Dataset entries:
···

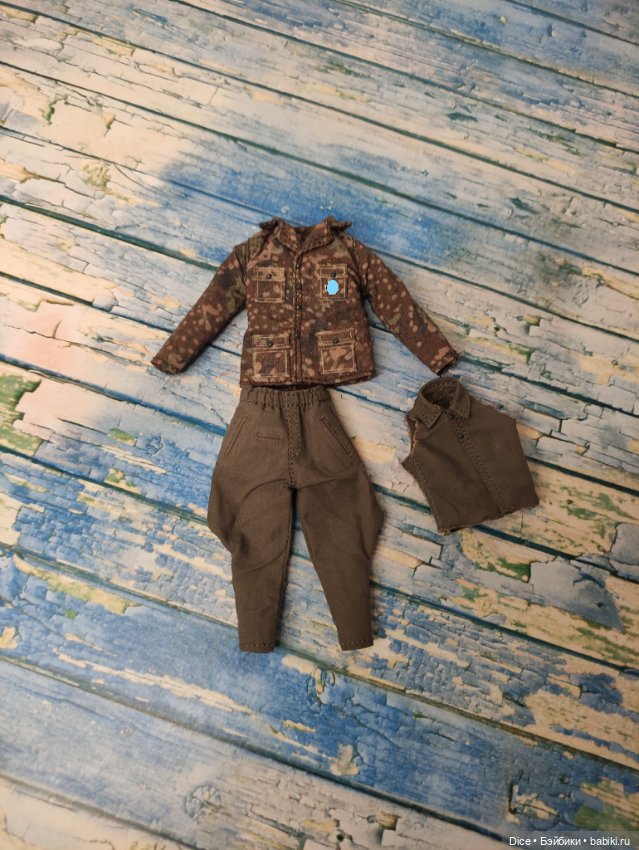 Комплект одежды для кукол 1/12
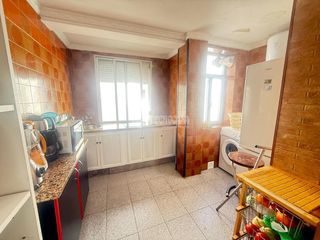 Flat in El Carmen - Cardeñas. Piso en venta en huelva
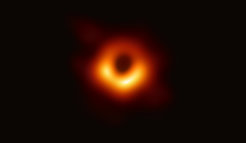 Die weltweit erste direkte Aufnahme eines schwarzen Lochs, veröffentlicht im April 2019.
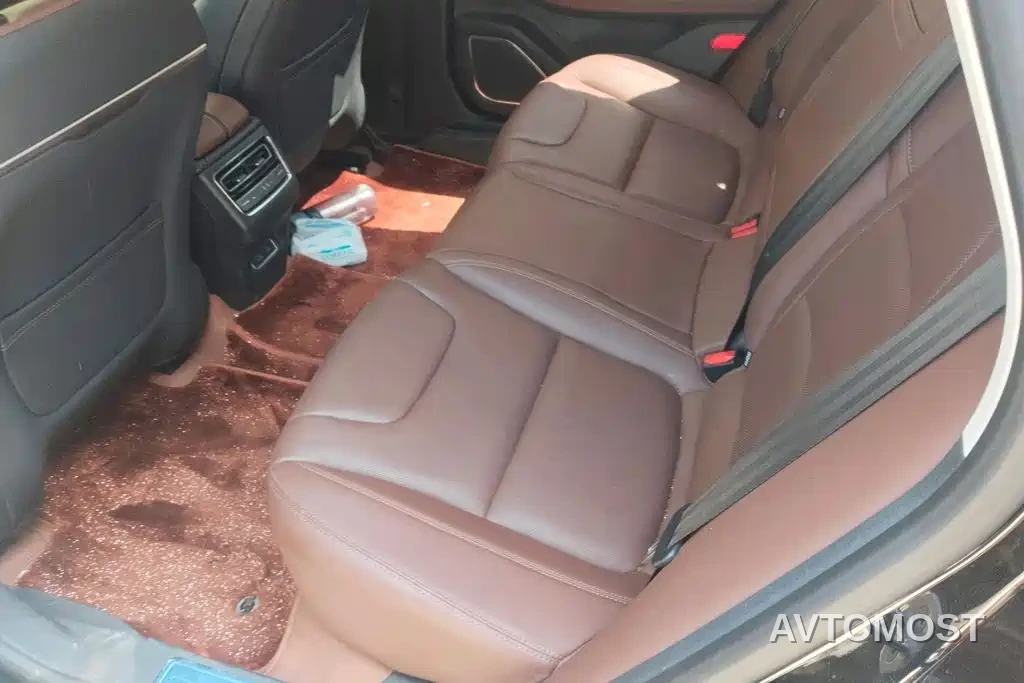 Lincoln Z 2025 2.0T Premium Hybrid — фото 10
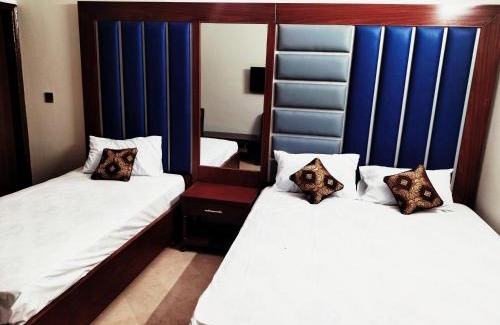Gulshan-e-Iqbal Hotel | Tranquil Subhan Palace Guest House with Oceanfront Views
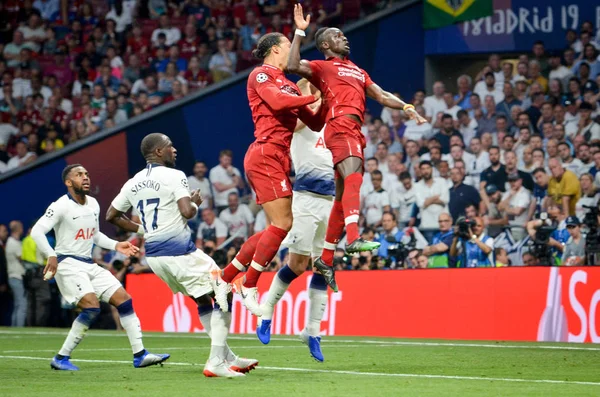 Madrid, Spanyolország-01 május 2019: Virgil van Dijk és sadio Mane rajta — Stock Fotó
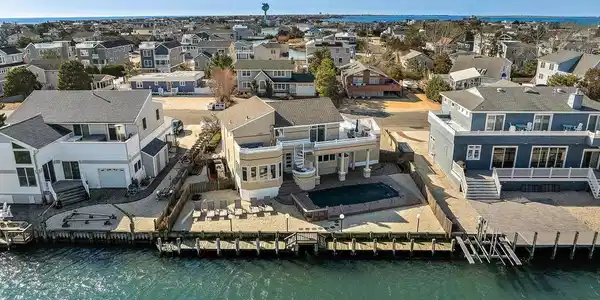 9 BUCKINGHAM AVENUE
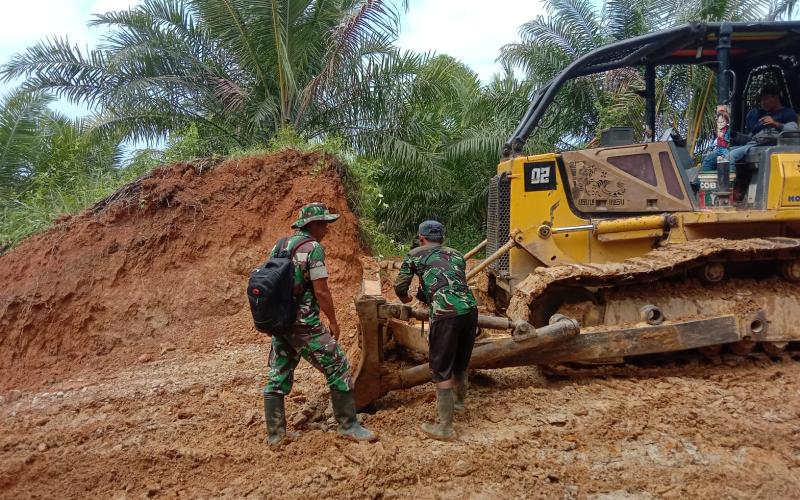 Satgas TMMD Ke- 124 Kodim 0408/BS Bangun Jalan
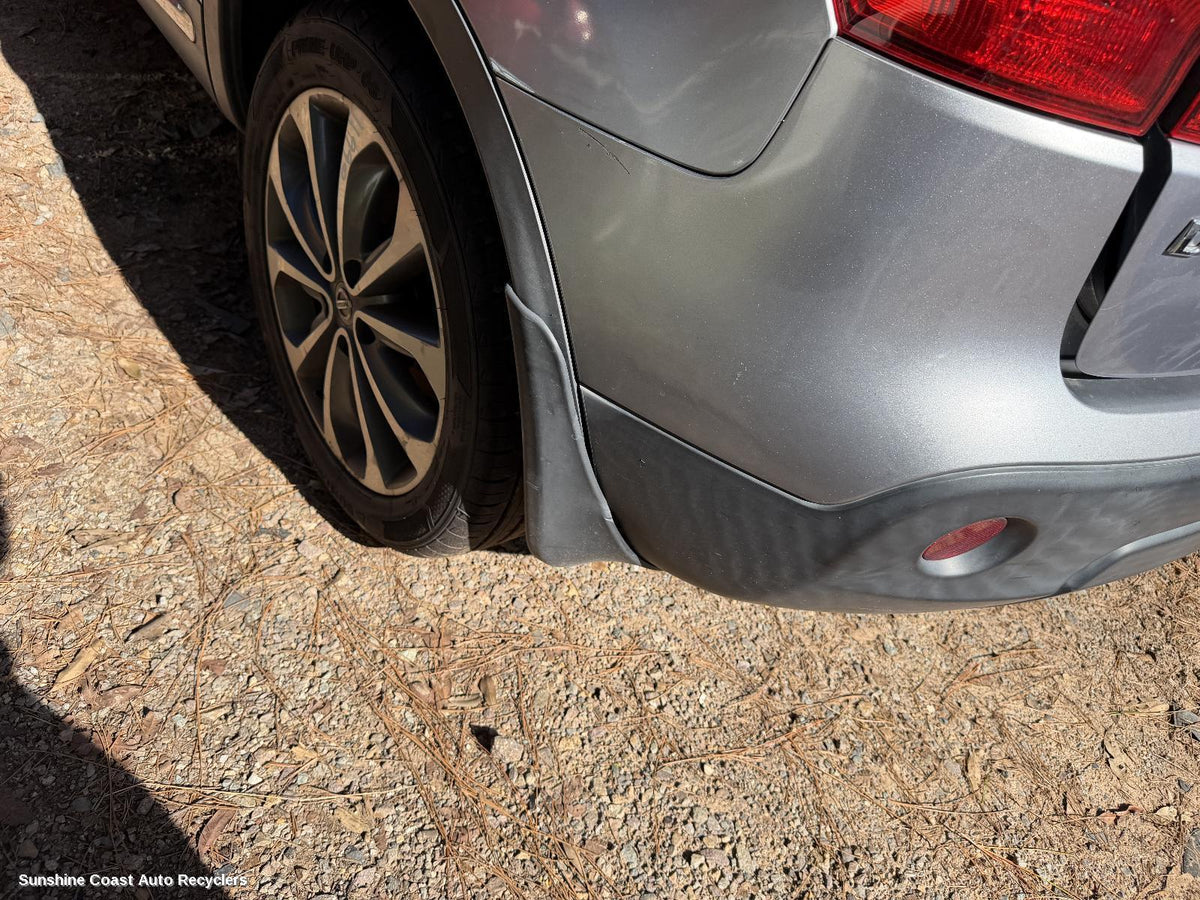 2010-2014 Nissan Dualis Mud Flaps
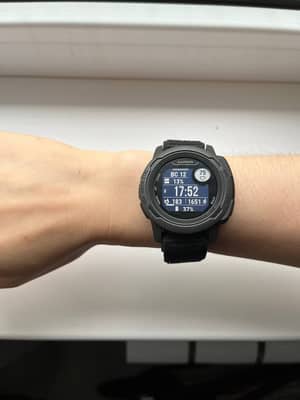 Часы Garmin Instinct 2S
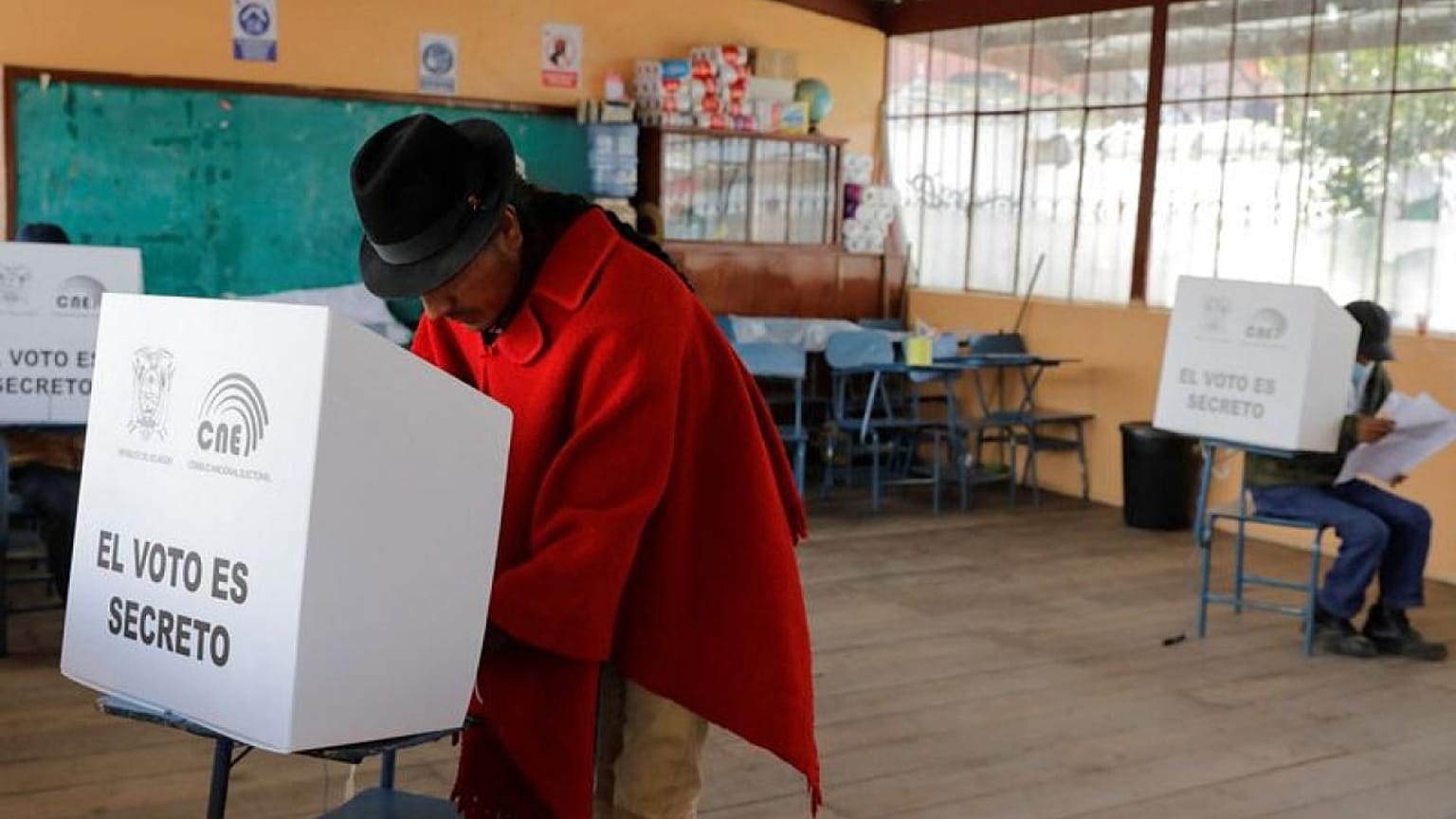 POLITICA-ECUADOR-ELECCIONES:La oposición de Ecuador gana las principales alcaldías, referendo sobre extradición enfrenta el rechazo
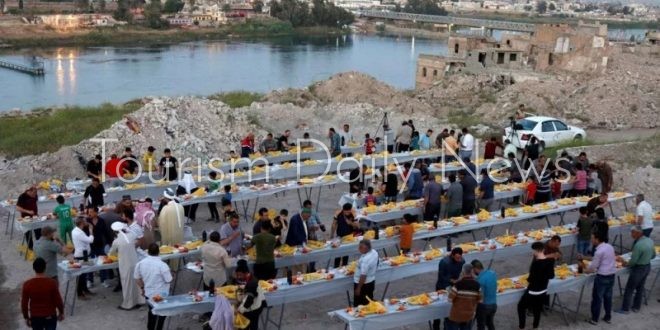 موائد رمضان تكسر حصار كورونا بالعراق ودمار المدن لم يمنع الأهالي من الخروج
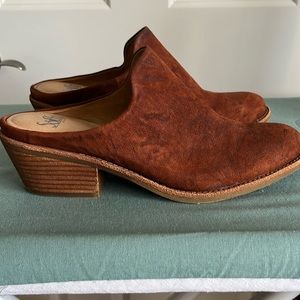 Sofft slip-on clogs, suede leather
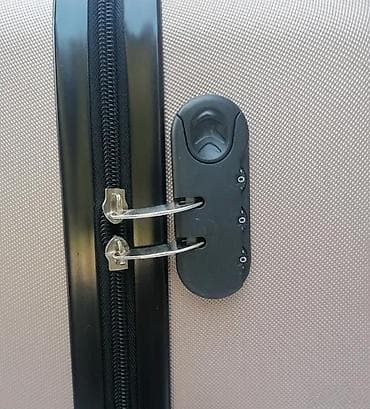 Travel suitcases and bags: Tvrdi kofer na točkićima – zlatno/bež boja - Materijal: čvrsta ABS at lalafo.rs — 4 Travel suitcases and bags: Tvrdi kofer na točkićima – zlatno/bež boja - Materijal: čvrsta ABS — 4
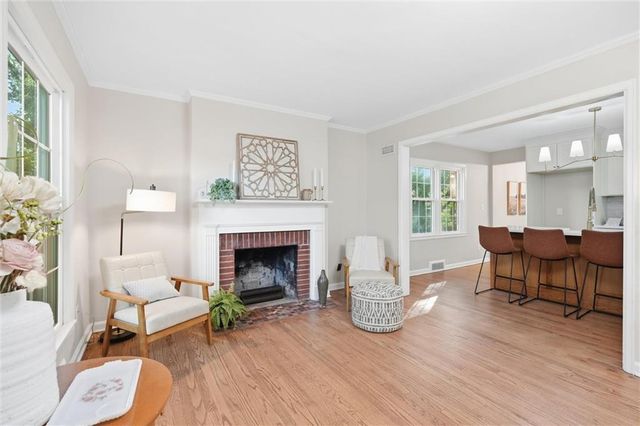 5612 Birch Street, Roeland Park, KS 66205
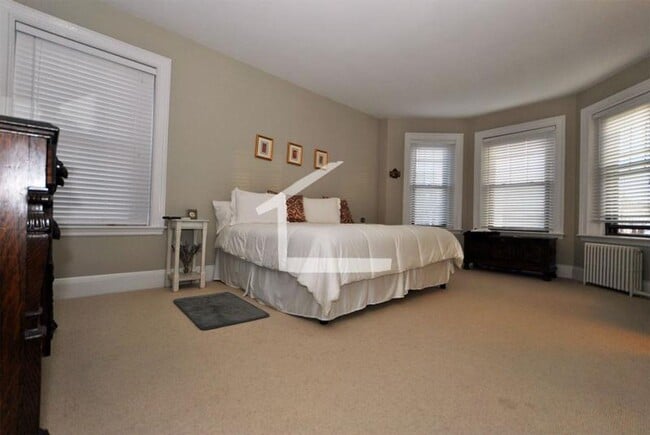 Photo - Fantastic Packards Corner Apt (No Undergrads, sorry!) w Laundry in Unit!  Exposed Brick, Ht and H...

···

**PROBLEM REQUIREMENTS**
When copying from the data above, print only the lines from the line containing "Gulshan-e-Iqbal Hotel |" to the line containing "Sofft slip-on clogs, suede leather", exactly, and leave the pictures out.

**SOLVED PROBLEM**
Gulshan-e-Iqbal Hotel | Tranquil Subhan Palace Guest House with Oceanfront Views
 Madrid, Spanyolország-01 május 2019: Virgil van Dijk és sadio Mane rajta — Stock Fotó
 9 BUCKINGHAM AVENUE
 Satgas TMMD Ke- 124 Kodim 0408/BS Bangun Jalan
 2010-2014 Nissan Dualis Mud Flaps
 Часы Garmin Instinct 2S
 POLITICA-ECUADOR-ELECCIONES:La oposición de Ecuador gana las principales alcaldías, referendo sobre extradición enfrenta el rechazo
 موائد رمضان تكسر حصار كورونا بالعراق ودمار المدن لم يمنع الأهالي من الخروج
 Sofft slip-on clogs, suede leather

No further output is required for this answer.